Using basic constants such as speed of light (c), charge on electron $(e)$, mass of electron $\left(\mathrm{m}_e\right)$, mass of proton $\left(\mathrm{m}_v\right)$ and gravitational constant $(\mathrm{G})$, we can construct the quantity,
$$
\tau=\left(\frac{e^2}{4 \pi \varepsilon_0}\right)^2 \times \frac{1}{m_p m_e^2 c^3 \mathrm{G}}
$$
$$
\begin{aligned}
\text { Now }\left[\frac{e^2}{4 \pi \varepsilon_0}\right] &=\left[\frac{1}{4 \pi \varepsilon_0} \frac{e^2}{r^2} r^2\right]=\left[\mathrm{Fr}^2\right] \\
&=\left[\mathrm{MLT}^{-2} \cdot \mathrm{L}^2\right]=\left[\mathrm{ML}^3 \mathrm{~T}^{-2}\right] \\
\therefore[\tau] &=\frac{\left[\mathrm{ML}^3 \mathrm{~T}^{-2}\right]^2}{[\mathrm{M}][\mathrm{M}]^2\left[\mathrm{LT}^{-1}\right]^3\left[\mathrm{M}^{-1} \mathrm{~L}^3 \mathrm{~T}^{-2}\right]}=[\mathrm{T}]
\end{aligned}
$$
Clearly, the quantity $\tau$ has the dimensions of time.
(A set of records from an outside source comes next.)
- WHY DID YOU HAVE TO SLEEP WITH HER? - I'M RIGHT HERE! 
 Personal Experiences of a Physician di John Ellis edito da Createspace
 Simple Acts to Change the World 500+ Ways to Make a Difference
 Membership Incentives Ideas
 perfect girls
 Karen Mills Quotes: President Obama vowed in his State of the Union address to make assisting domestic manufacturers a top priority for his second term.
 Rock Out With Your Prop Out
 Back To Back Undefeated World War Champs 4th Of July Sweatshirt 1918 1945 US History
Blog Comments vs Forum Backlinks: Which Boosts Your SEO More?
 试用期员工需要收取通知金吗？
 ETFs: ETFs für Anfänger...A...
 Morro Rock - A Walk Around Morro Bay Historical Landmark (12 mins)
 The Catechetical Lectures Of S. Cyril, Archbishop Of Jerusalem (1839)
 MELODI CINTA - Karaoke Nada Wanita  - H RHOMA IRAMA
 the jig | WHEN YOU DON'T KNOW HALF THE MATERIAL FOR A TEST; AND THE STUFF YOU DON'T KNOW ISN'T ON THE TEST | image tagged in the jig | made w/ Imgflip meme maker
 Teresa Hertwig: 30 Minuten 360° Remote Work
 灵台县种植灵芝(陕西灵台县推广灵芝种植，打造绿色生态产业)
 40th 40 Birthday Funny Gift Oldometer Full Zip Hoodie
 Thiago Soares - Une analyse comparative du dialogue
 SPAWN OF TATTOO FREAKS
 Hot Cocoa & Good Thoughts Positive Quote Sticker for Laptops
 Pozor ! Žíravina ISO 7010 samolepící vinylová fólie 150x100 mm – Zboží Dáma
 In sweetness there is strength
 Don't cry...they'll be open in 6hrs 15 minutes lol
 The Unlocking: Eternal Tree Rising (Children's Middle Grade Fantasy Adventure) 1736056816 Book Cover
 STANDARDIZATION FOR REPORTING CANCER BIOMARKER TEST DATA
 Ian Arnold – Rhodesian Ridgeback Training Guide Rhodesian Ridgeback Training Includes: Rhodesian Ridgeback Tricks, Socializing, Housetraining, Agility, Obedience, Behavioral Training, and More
Put $\mathrm{G}=6.67 \times 10^{-11} \mathrm{Nm}^2 \mathrm{~kg}^{-2}$,
$$
\begin{aligned}
&c=3 \times 10^8 \mathrm{~m} / \mathrm{s} \\
&e=1.6 \times 10^{-19} \mathrm{C}, \mathrm{m}_{\mathrm{e}}=9.1 \times 10^{-31} \mathrm{~kg} \\
&\mathrm{~m}=1.67 \times 10^{-27} \mathrm{~kg} \\
&\text { and } \frac{1}{4 \pi \varepsilon_0}=9 \times 10^9 \mathrm{Nm}^2 \mathrm{C}^2 \\
&\therefore \tau=\frac{\left[9 \times 10^9 \times\left(1.6 \times 10^{-19}\right)^2\right]^2}{1.67 \times 10^{-27} \times\left(9.1 \times 10^{-31}\right)^2 \times\left(3 \times 10^8\right)^3 \times 6.67 \times 10^{-11}}
\end{aligned}
$$
$$
\begin{aligned}
&=2.13 \times 10^{16} \mathrm{~s} \\
&=\frac{2.13 \times 10^{16}}{3.156 \times 10^7} \text { years }=0.667 \times 10^9 \text { years. } \\
&=0.667 \text { billion years. }
\end{aligned}
$$
This time is slightly less than the age of the universe ( $\approx 15$ billion years). It implies that the values of the basic constants of physics should change with time because the age of the universe increases with time.